# Data provided
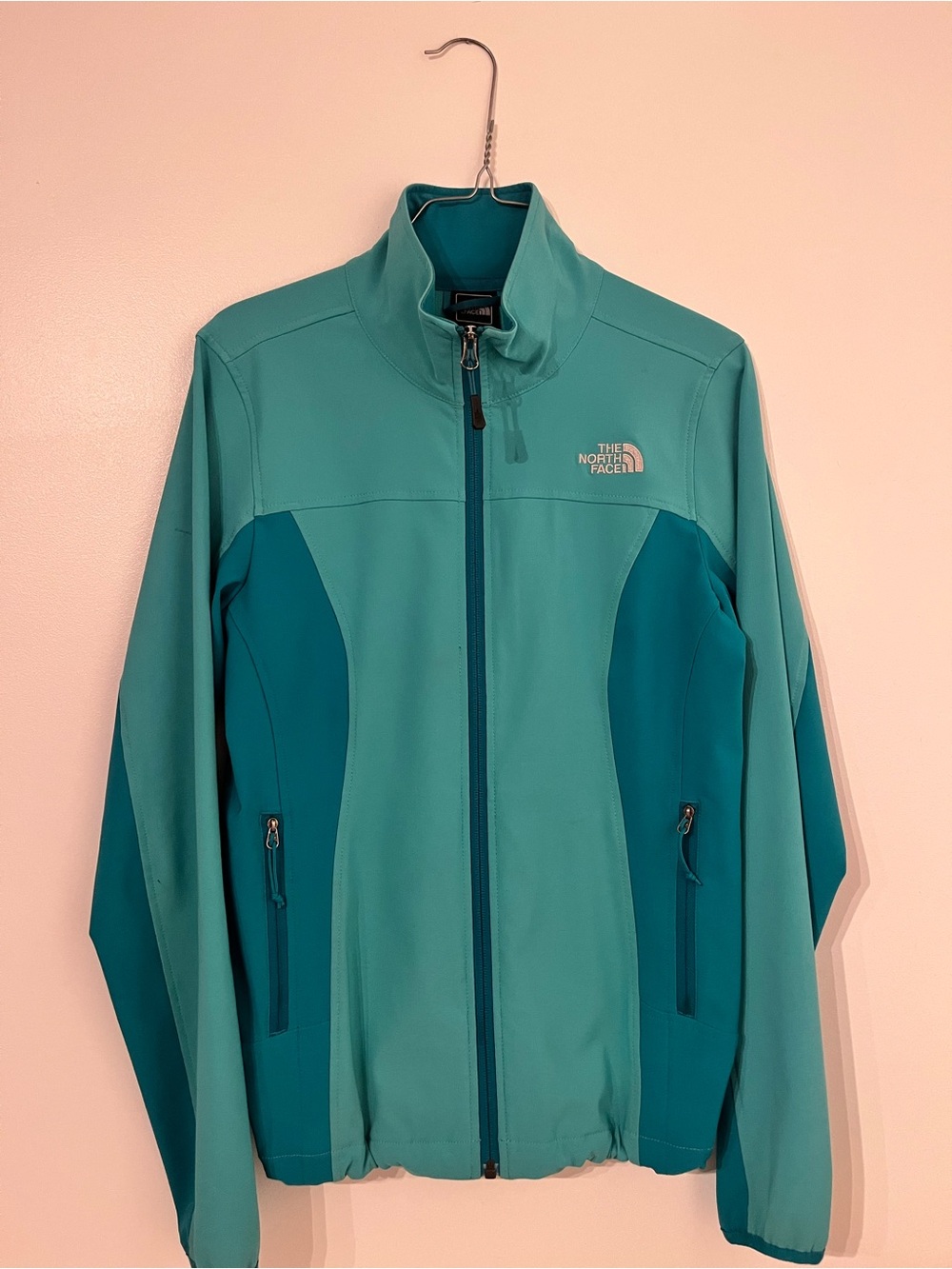 The North Face Teal and Dark Teal Softshell Jacket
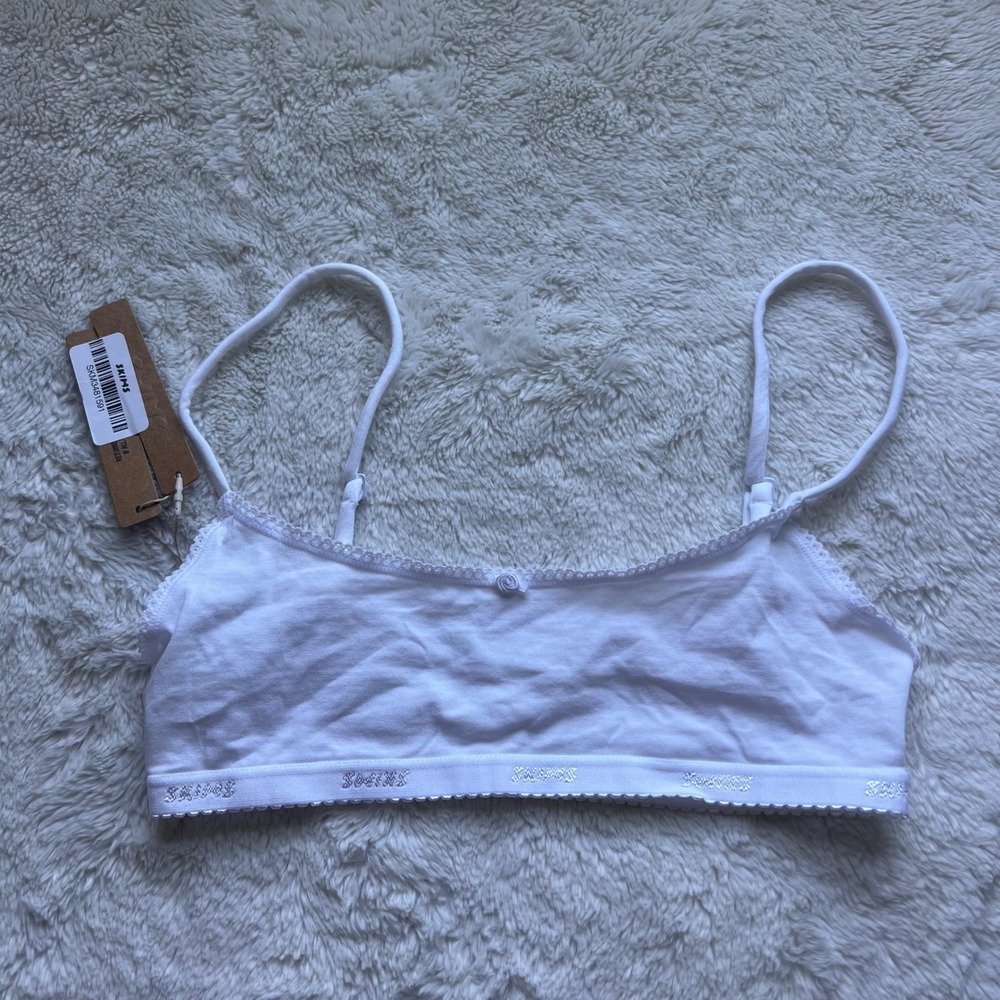 Skims Logo Picot Scoop Bralette Snow White Cotton BR-BRL-11450W Womens Small NWT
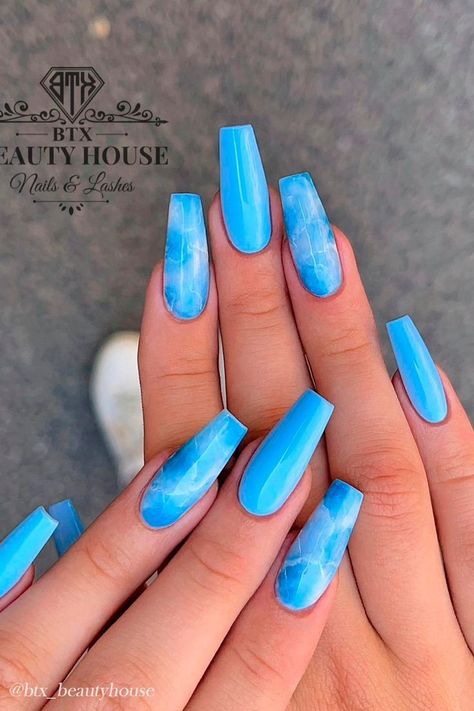 Blue Water Nails, Ocean Blue Nails, Water Nail Art, Sea Nails, Aqua Nails, Water Nails, Water Color Nails, Spring Acrylic Nails, Blue Acrylic Nails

# Your objective
Return the listing verbatim, pictures omitted.

# Answer section
 The North Face Teal and Dark Teal Softshell Jacket
 Skims Logo Picot Scoop Bralette Snow White Cotton BR-BRL-11450W Womens Small NWT
 Blue Water Nails, Ocean Blue Nails, Water Nail Art, Sea Nails, Aqua Nails, Water Nails, Water Color Nails, Spring Acrylic Nails, Blue Acrylic Nails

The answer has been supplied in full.